Overview :


This lab is similar to the previous lab, we configured some additional peripherals, export to the SDK, and exercise the newly created peripherals.




Notice in the above diagram, there are checks next to UART 1, GPIO, SD 1, USB 0,  and QUAD SPI. One of the important lessons they wanted us to learn in this lab was why the order in which you map peripherals matters.

The devices are listed in priority in the green boxes above, with the memory devices having the highest priority,  followed by ENET, USB,... SPI. Another important thing is the flexibility, so while the ENET devices have a higher priority

than the USB devices, you should map the USB first because it cannot be operated via EMIO (Extended MIO). After configuring the USB, we then configured the remaining peripherals and clocks.


Once that was complete, we exported to the SDK and launched the application. As I mentioned before, the SDK is a modified version of eclipse. This is where you write the C language code to access the peripherals you have enabled.


In order to do that, you have to generate a BSP, or a Board Support Package, this is as easy as selecting File -> New -> Board Support Package, this will create the BSP and bring in the libraries that you need to access the peripherals.


There are templates for a few things, like the Hello World we did in the last lab, but this time they introduced us to a couple of new templates.



This time they had us select the Memory Tests template, as well as the Peripheral Tests template. The outputs follow:




Those are the outputs of the unmodified templates. Just some quick diagnostics. The source for those is available in the project folders that are created, so if you're curious you can see how they access the devices.

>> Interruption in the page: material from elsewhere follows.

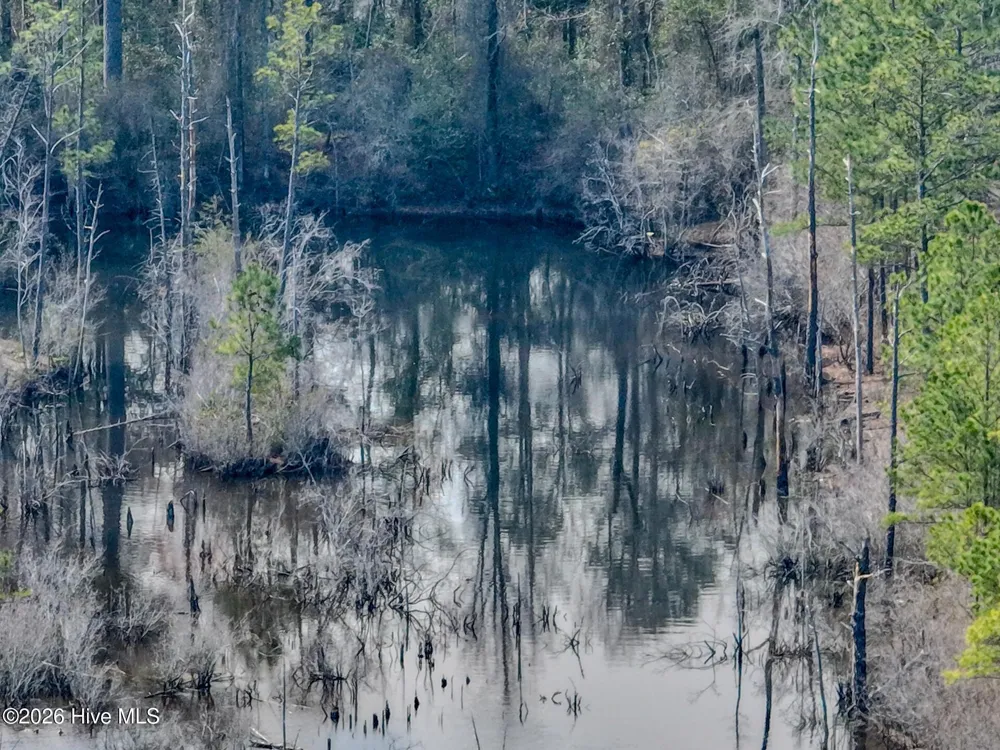 0 Lobelia Road Vass, NC 28394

Now I realize these are not the most exciting blogs. These first few labs are mostly board and tool familiarization. Honestly, they have not been too difficult, the biggest challenge

for me is to pace my self and not zoom right through them, that's because I realize I need to write about them afterwards . Writing about them is helpful, because it makes me go back

and investigate certain processes and statements that I make, so it helps cement the lessons and reminds me of the procedures.


I did go off the reservation and explored the linux installation that is included in the board, but that's for another blog post.